START Data for processing
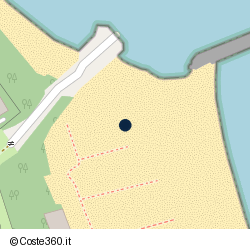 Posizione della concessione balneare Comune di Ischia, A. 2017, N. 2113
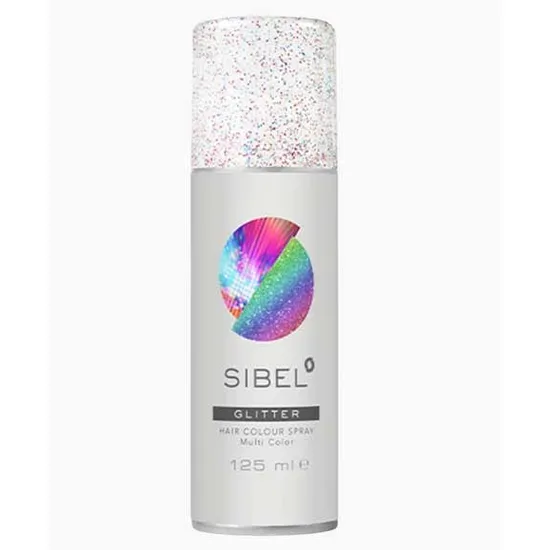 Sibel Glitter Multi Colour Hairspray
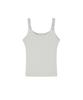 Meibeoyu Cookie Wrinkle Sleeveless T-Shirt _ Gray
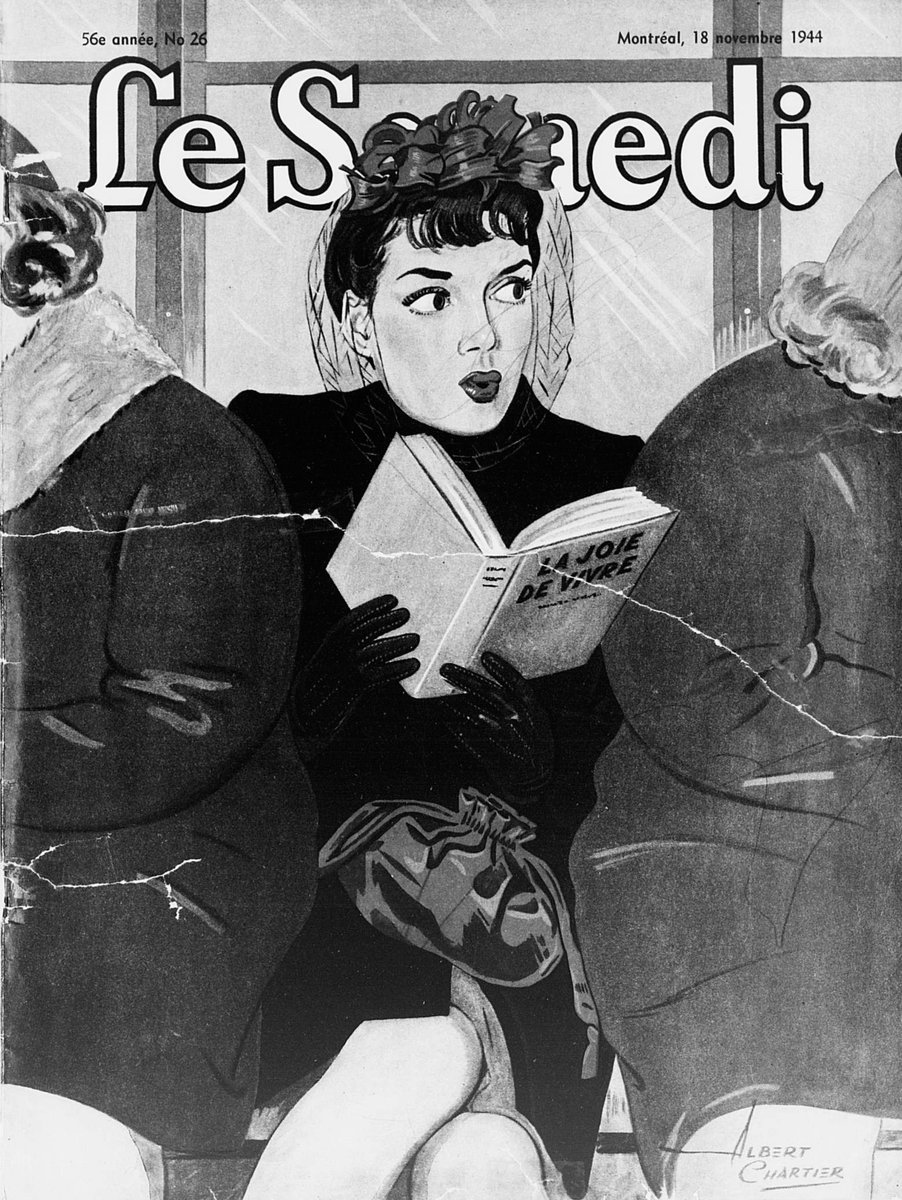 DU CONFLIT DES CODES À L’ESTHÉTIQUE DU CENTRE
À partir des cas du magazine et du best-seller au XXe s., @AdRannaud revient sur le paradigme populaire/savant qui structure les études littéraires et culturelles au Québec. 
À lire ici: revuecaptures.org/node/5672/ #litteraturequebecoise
END Data for processing
### [Task to complete]
Could you print the data exactly as it appears and keep the pictures out?

### [Written answer]
 Posizione della concessione balneare Comune di Ischia, A. 2017, N. 2113
 Sibel Glitter Multi Colour Hairspray
 Meibeoyu Cookie Wrinkle Sleeveless T-Shirt _ Gray
 DU CONFLIT DES CODES À L’ESTHÉTIQUE DU CENTRE
À partir des cas du magazine et du best-seller au XXe s., @AdRannaud revient sur le paradigme populaire/savant qui structure les études littéraires et culturelles au Québec. 
À lire ici: revuecaptures.org/node/5672/ #litteraturequebecoise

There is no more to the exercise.